Are Neuro-Inspired Multi-Modal Vision-Language Models Resilient to Membership Inference Privacy Leakage?

In the age of agentic AI, the growing deployment of multi-modal models (MMs) has introduced new attack vectors that can leak sensitive training data in MMs, causing privacy leakage. This paper investigates a black-box privacy attack, i.e., membership inference attack (MIA) on multi-modal vision-language models (VLMs). State-of-the-art research analyzes privacy attacks primarily to unimodal AI-ML systems, while recent studies indicate MMs can also be vulnerable to privacy attacks. While researchers have demonstrated that biologically inspired neural network representations can improve unimodal model resilience against adversarial attacks, it remains unexplored whether neuro-inspired MMs are resilient against privacy attacks. In this work, we introduce a systematic neuroscience-inspired topological regularization (tau) framework to analyze MM VLMs resilience against image-text-based inference privacy attacks. We examine this phenomenon using three VLMs: BLIP, PaliGemma 2, and ViT-GPT2, across three benchmark datasets: COCO, CC3M, and NoCaps. Our experiments compare the resilience of baseline and neuro VLMs (with topological regularization), where the tau > 0 configuration defines the NEURO variant of VLM. Our results on the BLIP model using the COCO dataset illustrate that MIA attack success in NEURO VLMs drops by 24% mean ROC-AUC, while achieving similar model utility (similarities between generated and reference captions) in terms of MPNet and ROUGE-2 metrics. This shows neuro VLMs are comparatively more resilient against privacy attacks, while not significantly compromising model utility. Our extensive evaluation with PaliGemma 2 and ViT-GPT2 models, on two additional datasets: CC3M and NoCaps, further validates the consistency of the findings. This work contributes to the growing understanding of privacy risks in MMs and provides evidence on neuro VLMs privacy threat resilience.

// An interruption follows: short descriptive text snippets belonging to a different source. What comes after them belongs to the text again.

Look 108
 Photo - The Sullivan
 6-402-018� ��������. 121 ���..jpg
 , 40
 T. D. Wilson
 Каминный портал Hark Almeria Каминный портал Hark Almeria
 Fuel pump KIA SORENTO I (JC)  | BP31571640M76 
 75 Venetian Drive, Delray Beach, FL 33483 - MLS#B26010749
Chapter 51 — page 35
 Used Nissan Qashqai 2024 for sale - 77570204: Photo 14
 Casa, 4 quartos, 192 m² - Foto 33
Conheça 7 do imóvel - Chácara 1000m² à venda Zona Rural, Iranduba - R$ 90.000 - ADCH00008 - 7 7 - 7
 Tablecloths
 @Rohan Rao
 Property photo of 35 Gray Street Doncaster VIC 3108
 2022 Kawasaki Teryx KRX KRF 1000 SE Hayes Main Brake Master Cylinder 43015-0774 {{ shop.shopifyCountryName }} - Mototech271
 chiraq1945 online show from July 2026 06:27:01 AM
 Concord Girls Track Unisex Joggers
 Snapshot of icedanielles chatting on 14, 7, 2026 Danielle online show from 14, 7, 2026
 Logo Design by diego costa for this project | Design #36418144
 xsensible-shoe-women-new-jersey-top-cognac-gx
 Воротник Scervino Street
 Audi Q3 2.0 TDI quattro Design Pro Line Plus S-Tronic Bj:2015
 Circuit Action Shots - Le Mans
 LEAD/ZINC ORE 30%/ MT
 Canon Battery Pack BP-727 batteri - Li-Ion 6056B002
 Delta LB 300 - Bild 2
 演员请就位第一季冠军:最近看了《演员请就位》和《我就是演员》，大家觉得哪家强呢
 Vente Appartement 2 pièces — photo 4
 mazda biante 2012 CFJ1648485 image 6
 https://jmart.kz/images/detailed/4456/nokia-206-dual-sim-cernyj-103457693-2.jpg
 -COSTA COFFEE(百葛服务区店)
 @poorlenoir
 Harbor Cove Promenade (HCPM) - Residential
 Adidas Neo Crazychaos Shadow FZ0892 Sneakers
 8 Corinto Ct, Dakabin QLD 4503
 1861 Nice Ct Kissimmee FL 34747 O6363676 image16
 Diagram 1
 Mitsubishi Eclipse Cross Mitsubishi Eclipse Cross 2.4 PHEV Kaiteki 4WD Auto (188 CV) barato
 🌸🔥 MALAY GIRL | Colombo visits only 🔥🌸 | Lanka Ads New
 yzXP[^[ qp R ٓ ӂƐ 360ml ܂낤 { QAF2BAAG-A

翻译：在智能体AI时代，多模态模型（MMs）的广泛部署引入了新的攻击向量，这些攻击可泄露多模态模型中的敏感训练数据，导致隐私泄露。本文研究一种黑盒隐私攻击方法，即针对多模态视觉语言模型（VLMs）的成员推断攻击（MIA）。现有研究主要针对单模态AI-ML系统分析隐私攻击，而近期研究表明多模态模型也可能易受隐私攻击影响。尽管研究者已证明受生物启发的神经网络表示可提升单模态模型抵御对抗攻击的能力，但神经启发多模态模型能否抵御隐私攻击仍属未知。本文提出一种系统性的神经科学启发拓扑正则化（τ）框架，用于分析多模态视觉语言模型在基于图像-文本推理的隐私攻击中的鲁棒性。我们通过三种视觉语言模型（BLIP、PaliGemma 2和ViT-GPT2）在三个基准数据集（COCO、CC3M和NoCaps）上对这一现象进行研究。实验比较了基准视觉语言模型与神经视觉语言模型（含拓扑正则化）的鲁棒性，其中τ>0配置定义视觉语言模型的神经变体。基于COCO数据集上BLIP模型的实验结果表明，神经视觉语言模型的成员推断攻击成功率在平均ROC-AUC指标上下降24%，同时在MPNet和ROUGE-2指标上保持相近的模型效用（生成描述与参考描述的相似度）。这表明神经视觉语言模型对隐私攻击具有更强鲁棒性，且未显著牺牲模型效用。我们进一步在CC3M和NoCaps两个额外数据集上对PaliGemma 2和ViT-GPT2模型进行广泛评估，验证了研究结果的一致性。本工作深化了对多模态模型隐私风险的理解，并为神经视觉语言模型的隐私威胁鲁棒性提供了实证依据。